Tuesday, January 15, 2013

2012 Teaching Tolerance Award Winners


2012 Teaching Tolerance Award Winners

Teaching videos of the five winners is at the link here.  http://www.tolerance.org/blog/2012-teaching-tolerance-award-winners

Every year, Teaching Tolerance hears from teachers who are going the extra mile to support students from diverse racial, ethnic and cultural backgrounds. These teachers deserve to be recognized—which is why we created the Teaching Tolerance Award for Excellence in Culturally Responsive Teaching.
On Jan. 25, this year’s five winners will receive their awards—and $1000 apiece—at a special ceremony in Washington, D.C. And you can watch! Edweek Teacher will livestream the event starting at 2p.m. EST. Click here to get all the details.
The winners of the 2012 Teaching Tolerance Award are as diverse as their schools and students, but all of them reach out to families and value home culture. All of them see students as individuals with valuable lived-experiences.
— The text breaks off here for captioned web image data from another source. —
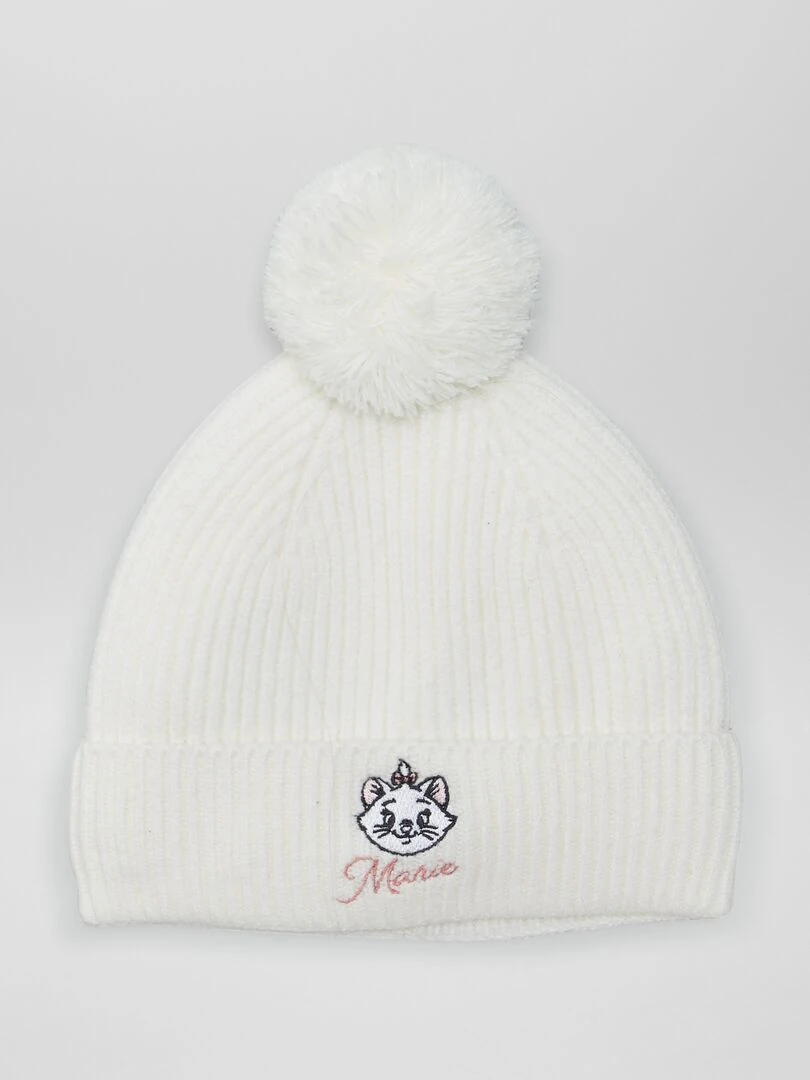 Bonnet + snoord 'Marie' des 'Aristochats' Blanc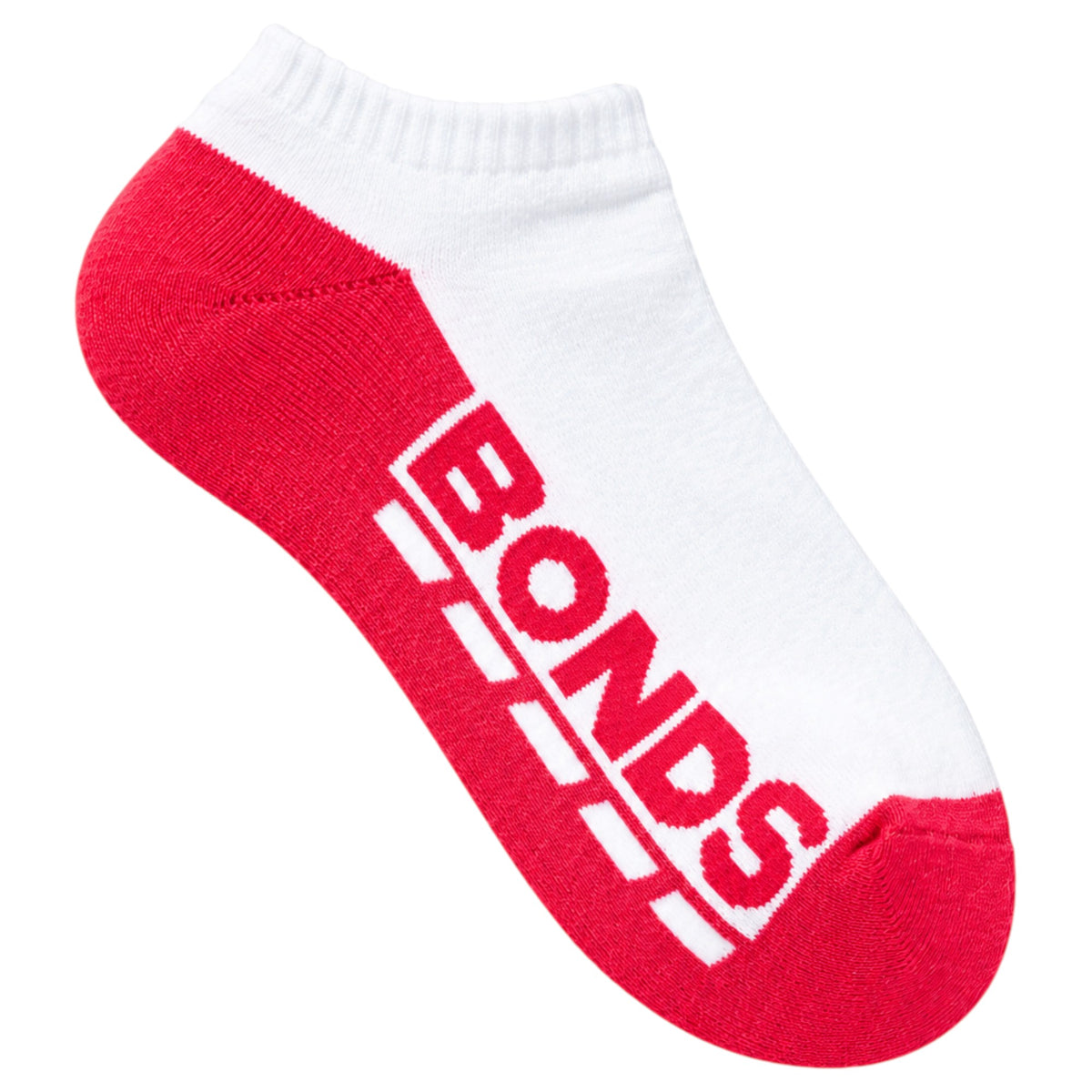 3 Pack Kids Girls Bonds Cushioned Low Cut Socks White/Pink/Aqua/Red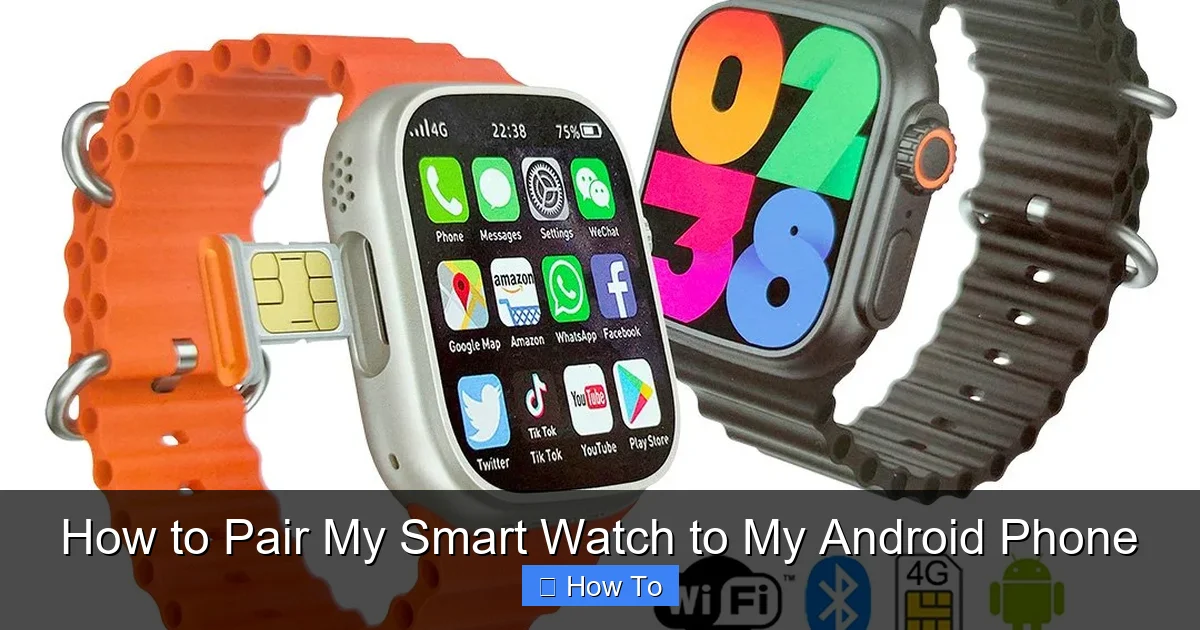 How to Pair My Smart Watch to My Android Phone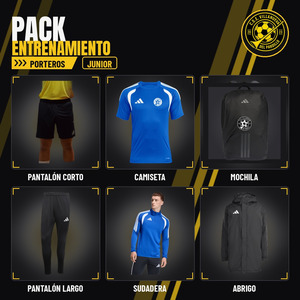 Pack Entrenamiento Portero Junior 26/27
And all of them empower their students to be successful members of our diverse society.
Our congratulations go out to this year’s winners!
Robert P. Sautter
Leonard R. Flynn Elementary School (Kindergarten), San Francisco, Calif.
Sautter believes he has achieved the highest success when a student develops a strong sense of self-efficacy. “Creating a bond of trust is key in building relationships with my students of diverse backgrounds,” says
Sautter. He begins each school day with a “community circle” in which students greet each other using their home languages and implements a partnership plan with parents so they can share their goals for their children. “When I am shown the family photos, I listen attentively to the stories told,” says Sautter. “When I am offered dinner, I accept and participate in family customs—and I learn.”

Anna E. Baldwin
Arlee High School, Arlee, Mont.
Baldwin teaches English, composition and speech, and multicultural literature on the Flathead Indian Reservation. About 70 percent of her students are of tribal descent, but she never makes generalizations about her students’ backgrounds. “Culture emanates from more than ethnicity,” says Baldwin. “There is teen culture, home culture, as well as traditional culture.
So, I use [texts] that appeal to students’ interests, backgrounds and abilities.”  Her hope is that through “earnest discussion about things that matter, provocative assignments and texts, and supportive and honest relationships, students will leave [the] classroom with a better sense of themselves, their world and their place in it.”

Laurence Tan
122nd Street Elementary School (5th Grade), Los Angeles, Calif.
Five pillars of learning inform Tan’s teaching—engage, educate, experience, empower and enact. He values each student’s identity and celebrates diversity, even asking families to share their expertise with students through mini-lessons. At the end of the year he hosts a parent appreciation night where he and his students acknowledge the important role families play in their children’s educational success. Tan says his students succeed academically—and he accomplishes this by using a social justice curriculum. “The development of youth into socially critical and responsible individuals is of the highest importance,” says Tan.

Lhisa R. Almashy
Park Vista High School, Lake Worth, Fla.
 “Teaching is the best profession,” says Almashy. “Because our ‘products’ are human beings and we can be part of the vast resources they bring with them.” Almashy teaches ESL to 9th, 10th and 12th graders. Her key to success with English language learners is to teach them to integrate their home and school lives by taking the best from both cultures.  “I learn about my students’ values and experiences from their homes and communities by being
involved not only in their education, but in their lives.” Through celebrating her students’ lived experiences, she steps beyond the stereotypes and generalizations to understand each individual student.

Darnell Fine
Atlanta Neighborhood Charter Middle School, Atlanta, Ga.
As a child, Fine’s household was labeled “chaotic,” and Fine himself “a behavior problem.” Today, his past struggles motivate him to “build on the knowledge students bring from home … [and] emphasize meaningful connections to real-life contexts” in his classroom.  In addition to serving on his school’s diversity committee, Fine makes a point of building relationships with families. He acknowledges the value of his students’ home cultures by hosting open forums, town hall meetings and Socratic seminars. “In my classroom,” says Fine, “inclusion isn’t limited to celebrating cultural differences… [I provide] spaces for [students] to express their multiple perspectives.”